Culture / Il y a plusieurs manières de trahir
«On a tiré sur Aragon», François Weerts, Editions du Rouergue, 448 pages.
L’histoire débute à Waterloo où, en 1965, l’écrivain Aragon vient chercher de l’inspiration. Une balle claque sur les marches de la Butte du Lion, quelqu’un lui a tiré dessus, sans le toucher. L’écrivain est rapidement exfiltré par les communistes belges qui lui servent d’escorte. Viktor Rousseau, lui, est détective privé à Bruxelles. Fils de communistes déportés pendant la guerre, il a lui aussi milité au parti avant de s’en éloigner.

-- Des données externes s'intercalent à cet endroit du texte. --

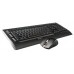 Клавиатура и мышь Wireless A4Tech 9300F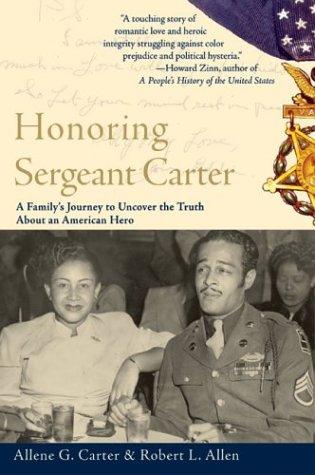 Cover of Honoring Sergeant Carter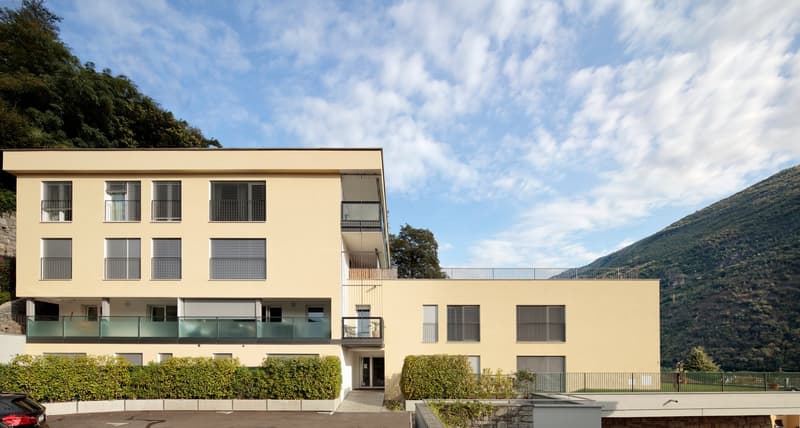 AFFITTIAMO A LOSONE APPARTAMENTO DI 3.5 LOCALI CON TERRAZZA (1)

Pas assez cependant pour que le dit parti ne lui confie pas la tâche de trouver qui a voulu tuer le chantre du communisme vu par Moscou – c’est-à-dire très autoritaire – et de ses affidés. Et le lecteur découvre le Bruxelles des années 1960, ses militants de gauche et d’extrême droite, ses artistes, ses policiers, ses bâtiments, sa vie nocturne. Il est aussi question de la relation conflictuelle entre les écrivains communistes Louis Aragon et Paul Nizan, le premier soutenant en 1939 le pacte germano-soviétique, le second le dénonçant. L’intrigue est bien ficelée, il faut le souligner. Par contre, le roman aurait gagné à être plus resserré. Viktor raconte en long et en large tout ce qu’il boit et tout ce qu’il fume – la vieille imagerie du détective privé alcoolique et désabusé. Il nous confie longuement et obsessionnellement son attrait pour les corps féminins. Par contre, il reste très pudique sur ses vrais états d’âme – par exemple son rapport trouble avec la police – et c’est dommage. D’autant plus dommage que la trahison aurait pu être le thème principal du roman, un thème riche à explorer: trahison politique, trahison amoureuse, trahison des idéaux, des amis, etc.